I was using one of cuda programming book and one of the occupancy topic says, something like that should report about 50% occupancy due to warp divergence:

void kernelmath(float *d_C) {

if ((tid % 1 ) == 0)
a=1;
else
b=1;
}
}

But real life example showing still 100% divergence and book explains that it is attributed to “compiler optimization that replaces branch instructions with predicated instructions for short conditional code such this” and enhances further by:
bool ipred = tid %2 ;
if (ipred == 1) {
a=1;
} else{
b=1;
}
}

and was getting about 71.43% branch occupancy.

Now following should get 100% due to no warp divergence due to entire warp will do the same things even though next warp may be it differently;
if ((tid / 32) %2 == 0) {
a=1 ;
else
b=1;

But that is from outdated book using M2070 old graphic card.

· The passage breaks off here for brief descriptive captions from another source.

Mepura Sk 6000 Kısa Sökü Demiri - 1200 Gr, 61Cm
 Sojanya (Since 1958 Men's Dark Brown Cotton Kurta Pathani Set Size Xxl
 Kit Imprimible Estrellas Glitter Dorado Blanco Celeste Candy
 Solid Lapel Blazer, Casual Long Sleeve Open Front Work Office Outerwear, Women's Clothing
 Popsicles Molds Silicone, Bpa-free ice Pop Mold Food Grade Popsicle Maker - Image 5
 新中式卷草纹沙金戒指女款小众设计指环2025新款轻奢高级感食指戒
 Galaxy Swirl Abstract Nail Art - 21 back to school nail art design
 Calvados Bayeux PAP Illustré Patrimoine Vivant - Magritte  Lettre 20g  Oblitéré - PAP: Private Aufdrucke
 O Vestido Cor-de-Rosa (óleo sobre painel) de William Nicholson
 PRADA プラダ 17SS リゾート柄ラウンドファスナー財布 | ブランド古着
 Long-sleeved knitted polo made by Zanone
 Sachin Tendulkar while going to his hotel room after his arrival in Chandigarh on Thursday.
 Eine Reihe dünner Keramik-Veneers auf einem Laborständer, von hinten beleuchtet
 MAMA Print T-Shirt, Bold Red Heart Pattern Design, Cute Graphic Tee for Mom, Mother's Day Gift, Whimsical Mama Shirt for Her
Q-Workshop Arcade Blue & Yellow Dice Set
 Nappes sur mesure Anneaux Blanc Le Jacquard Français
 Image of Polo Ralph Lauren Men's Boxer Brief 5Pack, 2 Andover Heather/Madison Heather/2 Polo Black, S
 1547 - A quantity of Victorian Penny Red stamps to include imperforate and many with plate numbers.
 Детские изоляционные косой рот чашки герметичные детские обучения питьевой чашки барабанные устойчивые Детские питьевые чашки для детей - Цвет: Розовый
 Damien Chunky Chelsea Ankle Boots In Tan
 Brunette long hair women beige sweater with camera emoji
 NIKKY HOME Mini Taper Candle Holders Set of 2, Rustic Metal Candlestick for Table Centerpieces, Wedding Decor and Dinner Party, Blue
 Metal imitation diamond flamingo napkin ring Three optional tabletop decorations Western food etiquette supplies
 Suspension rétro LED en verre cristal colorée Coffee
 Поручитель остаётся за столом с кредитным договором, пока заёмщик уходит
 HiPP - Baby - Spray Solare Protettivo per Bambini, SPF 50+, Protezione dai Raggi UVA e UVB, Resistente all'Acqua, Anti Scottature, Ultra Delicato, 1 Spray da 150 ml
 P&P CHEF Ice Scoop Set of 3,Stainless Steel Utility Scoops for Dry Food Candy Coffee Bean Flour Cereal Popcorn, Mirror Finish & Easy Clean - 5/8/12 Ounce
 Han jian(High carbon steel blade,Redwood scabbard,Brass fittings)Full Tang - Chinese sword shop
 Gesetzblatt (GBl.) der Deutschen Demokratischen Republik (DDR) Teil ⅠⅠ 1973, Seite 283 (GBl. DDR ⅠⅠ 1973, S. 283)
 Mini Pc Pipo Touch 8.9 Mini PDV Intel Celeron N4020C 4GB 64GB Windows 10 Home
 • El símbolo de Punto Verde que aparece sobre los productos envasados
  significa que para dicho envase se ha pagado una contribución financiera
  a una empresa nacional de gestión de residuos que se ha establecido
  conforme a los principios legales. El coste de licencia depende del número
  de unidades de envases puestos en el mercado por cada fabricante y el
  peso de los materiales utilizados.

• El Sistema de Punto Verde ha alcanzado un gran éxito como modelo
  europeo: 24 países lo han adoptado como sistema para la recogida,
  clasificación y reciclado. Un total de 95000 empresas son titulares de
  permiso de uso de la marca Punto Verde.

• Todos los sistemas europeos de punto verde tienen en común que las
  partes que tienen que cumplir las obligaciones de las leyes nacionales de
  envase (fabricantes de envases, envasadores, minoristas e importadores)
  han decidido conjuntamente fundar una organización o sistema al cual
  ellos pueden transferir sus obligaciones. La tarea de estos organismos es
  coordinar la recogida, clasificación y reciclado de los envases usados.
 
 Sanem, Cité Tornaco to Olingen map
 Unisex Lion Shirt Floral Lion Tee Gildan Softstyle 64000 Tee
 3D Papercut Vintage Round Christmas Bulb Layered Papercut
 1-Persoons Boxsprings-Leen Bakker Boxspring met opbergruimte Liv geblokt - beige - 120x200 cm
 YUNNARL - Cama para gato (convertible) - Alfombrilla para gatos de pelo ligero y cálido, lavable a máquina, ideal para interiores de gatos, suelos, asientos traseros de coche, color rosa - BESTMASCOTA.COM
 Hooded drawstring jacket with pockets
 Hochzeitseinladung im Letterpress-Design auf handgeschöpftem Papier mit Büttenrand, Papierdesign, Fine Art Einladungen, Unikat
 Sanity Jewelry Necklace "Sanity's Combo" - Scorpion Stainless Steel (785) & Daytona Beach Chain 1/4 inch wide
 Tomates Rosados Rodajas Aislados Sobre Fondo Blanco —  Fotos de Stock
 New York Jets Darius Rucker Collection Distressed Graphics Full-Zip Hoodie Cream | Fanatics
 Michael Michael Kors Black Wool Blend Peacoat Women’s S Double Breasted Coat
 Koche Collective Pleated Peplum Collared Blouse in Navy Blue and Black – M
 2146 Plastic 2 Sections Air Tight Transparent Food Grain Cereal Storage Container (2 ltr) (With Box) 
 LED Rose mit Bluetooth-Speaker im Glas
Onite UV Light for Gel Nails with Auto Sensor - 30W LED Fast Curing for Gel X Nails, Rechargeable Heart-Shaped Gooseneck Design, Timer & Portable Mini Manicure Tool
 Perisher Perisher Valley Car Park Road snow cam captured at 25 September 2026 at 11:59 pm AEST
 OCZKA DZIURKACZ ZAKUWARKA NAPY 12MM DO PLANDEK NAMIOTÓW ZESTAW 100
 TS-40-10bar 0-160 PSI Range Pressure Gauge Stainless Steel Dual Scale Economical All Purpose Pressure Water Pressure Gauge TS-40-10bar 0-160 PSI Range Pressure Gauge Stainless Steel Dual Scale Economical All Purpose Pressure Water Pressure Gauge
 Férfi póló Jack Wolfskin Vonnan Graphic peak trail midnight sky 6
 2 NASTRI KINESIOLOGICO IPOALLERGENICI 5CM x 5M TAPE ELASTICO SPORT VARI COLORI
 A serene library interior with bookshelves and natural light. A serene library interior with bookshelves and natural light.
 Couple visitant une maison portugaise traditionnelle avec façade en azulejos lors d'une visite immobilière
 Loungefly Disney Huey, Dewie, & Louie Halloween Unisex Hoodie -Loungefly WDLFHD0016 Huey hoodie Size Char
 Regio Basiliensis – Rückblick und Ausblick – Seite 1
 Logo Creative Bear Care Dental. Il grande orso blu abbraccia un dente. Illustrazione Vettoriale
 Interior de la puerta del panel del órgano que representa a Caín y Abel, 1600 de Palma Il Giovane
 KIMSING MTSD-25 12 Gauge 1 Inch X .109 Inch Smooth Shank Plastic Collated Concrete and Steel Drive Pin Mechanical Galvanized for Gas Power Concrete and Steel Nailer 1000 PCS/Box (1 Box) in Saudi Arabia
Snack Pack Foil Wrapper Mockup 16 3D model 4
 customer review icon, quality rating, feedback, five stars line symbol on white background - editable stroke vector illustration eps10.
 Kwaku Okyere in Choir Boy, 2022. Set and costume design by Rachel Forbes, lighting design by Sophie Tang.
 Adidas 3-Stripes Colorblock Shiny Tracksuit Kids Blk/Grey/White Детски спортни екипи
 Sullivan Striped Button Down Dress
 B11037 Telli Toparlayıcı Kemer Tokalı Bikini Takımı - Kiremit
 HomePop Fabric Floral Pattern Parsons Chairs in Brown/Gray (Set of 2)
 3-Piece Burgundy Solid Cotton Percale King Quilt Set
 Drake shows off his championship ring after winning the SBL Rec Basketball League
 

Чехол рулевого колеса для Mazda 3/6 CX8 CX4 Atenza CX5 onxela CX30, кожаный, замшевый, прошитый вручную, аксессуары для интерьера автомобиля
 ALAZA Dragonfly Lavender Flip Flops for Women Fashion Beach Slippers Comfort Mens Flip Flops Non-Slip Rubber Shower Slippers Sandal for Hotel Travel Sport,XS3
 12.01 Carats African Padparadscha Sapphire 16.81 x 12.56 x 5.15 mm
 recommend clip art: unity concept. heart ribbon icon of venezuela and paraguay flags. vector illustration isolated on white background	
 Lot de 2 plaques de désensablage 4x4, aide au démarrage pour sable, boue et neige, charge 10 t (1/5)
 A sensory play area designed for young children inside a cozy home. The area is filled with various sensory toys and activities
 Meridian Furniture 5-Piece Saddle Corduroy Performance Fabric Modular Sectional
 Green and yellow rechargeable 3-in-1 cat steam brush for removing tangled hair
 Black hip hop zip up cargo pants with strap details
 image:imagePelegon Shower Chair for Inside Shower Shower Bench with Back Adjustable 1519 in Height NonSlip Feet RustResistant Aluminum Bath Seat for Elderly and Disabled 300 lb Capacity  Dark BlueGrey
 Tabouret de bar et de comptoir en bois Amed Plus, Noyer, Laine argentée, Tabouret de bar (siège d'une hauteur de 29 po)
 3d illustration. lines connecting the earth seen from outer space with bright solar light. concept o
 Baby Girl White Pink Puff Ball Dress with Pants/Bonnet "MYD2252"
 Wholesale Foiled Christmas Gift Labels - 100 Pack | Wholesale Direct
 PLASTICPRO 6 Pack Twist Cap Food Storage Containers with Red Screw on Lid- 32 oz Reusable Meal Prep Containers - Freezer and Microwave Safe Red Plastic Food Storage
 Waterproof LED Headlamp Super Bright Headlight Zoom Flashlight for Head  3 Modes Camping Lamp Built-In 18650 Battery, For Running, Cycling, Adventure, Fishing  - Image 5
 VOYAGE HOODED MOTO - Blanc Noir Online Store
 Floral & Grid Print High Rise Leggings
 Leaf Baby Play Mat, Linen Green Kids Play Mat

I tried to do same on RTX02070 much newer card and nvprof example used no longer works due to CC > 7.5. When I see ncu-ui
all reporting about ~60%for all 3 cases above: warp divergence, warp divergence with long code, no warp divergence).
For ncu, what i did was "ncu -o profile and opened the file in ncu-ui and observed achieved occupancy.

Am I doing wrong?

The term “occupancy” has had numerous meanings so without the context of the book it is unclear what is meant by “occupancy”. The most common use is for warp occupancy which is the number of active/resident warps on an SM compared to the maximum number of warps supported by a SM.

The book may be using this to mean the active thread occupancy of an executed instruction

active threads per instruction executed

smsp__thread_inst_executed
smsp__inst_executed
smsp__thread_inst_executed_per_inst_executed

or active predicated on threads per instruction executed

smsp__thread_inst_executed_pred_on
smsp__inst_executed
smsp__thread_inst_executed_pred_on_per_inst_executed

The compiler optimizes such simple kernels making it very hard to learn about divergence and predication. The best two approaches I can offer are:

  1. Use the CUDA debugger (cuda gdb or MS Visual Studio CUDA debugger) and single step the code in mixed mode (source + SASS). NOTE: using -G is going to add a lot of extra instructions to maintain variable scope.
  2. Use the Nsight Compute Source View to look at the counters listed above in both CUDA C++ and SASS. Optimizing kernels often requires learning to read SASS. Reading SASS is not easy given lack of documentation. PTX is also an option but is often even more challenging as PTXAS is an optimizing assembler.